Carol Wyer has done it again.
This is the fifth book in this series and everyone of them has had me gripped from the very start, and this is no different.
Although this book is part of a series Carol does a great job of filling in the skeleton of the running theme in the first two chapters. So, anybody reading this as a standalone novel will not be left totally in the dark.
What’s on the back of the book, or in this case on the Amazon page
DCI Kate Young never meant to shoot Superintendent John Dickson at the reservoir that night—even if, as a scheming corrupt cop and head of the shady syndicate, he probably had it coming. But now Kate has photographic evidence that someone else knows her terrible secret…
Tormented by guilt and the voices of the dead, Kate is desperate to unmask the rest of the corrupt officers before her own sins catch up with her.
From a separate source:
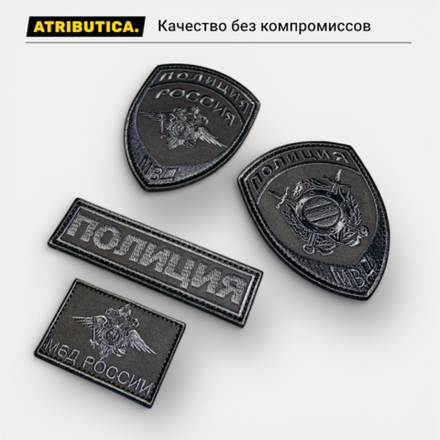 Комплект Шевронов Полиция Вариант 1 / Графит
When DI Harriet Khatri, awaiting trial for the murder of Kate’s mentor, claims she was framed by Dickson’s syndicate, Kate reluctantly agrees to help in the hope of finding answers.
Meanwhile, DI Emma Donaldson finds herself on the hunt for a double murderer—a man who incapacitates his victims with a powerful narcotic called Devil’s Breath. Desperate to measure up to her role-model boss, Emma finds herself hurled into the deep end in more ways than one…
While Kate’s grip on reality wavers and the syndicate closes in, and with the mystery killer taking a special interest in Emma, could this be the case that defeats both detectives?
What I think
Kate Young lost her husband to a murderer. He was an investigative journalist and he was on to a ring of sex offenders.
At least one of which was a high ranking police officer.
Every investigation since his murder has almost been a “side hustle” as Kates main focus has been catching his killer and busting the sex ring.
I have questioned her mental health from the start, she hears voices, mainly that of her husband but latterly the dead Superintendent Dickinson.
It’s like having an Angel on one shoulder, and a devil on the other.
What I began to realise, or for my own opinion on, was that actually she was just hypothesis building, the voices she was hearing was just a manifestation of her own thinking.
Police shouldn’t investigate with a bias, and Kates way of building her case was to have the two voices neutralising each other to make sure she was getting things right.
Haven’t we all had that little voice saying “one more drink” and another saying “no you’re going to regret it in the morning”
This book brings that story to a head and draws a line underneath it.
But will it silence the voices?
Is this the end of the DCI Kate Young series?
I sincerely hope not, but Carol Wyer has left us with an ending that might mean it is.
It’s not a cliffhanger, it’s the end of a running story, the logical place to conclude and for Kate to walk away. But the last few lines give me hope that we may see her again.
What a series, what a book, what an ending.
Print length 381 pages. Publisher Thomas and Mercer.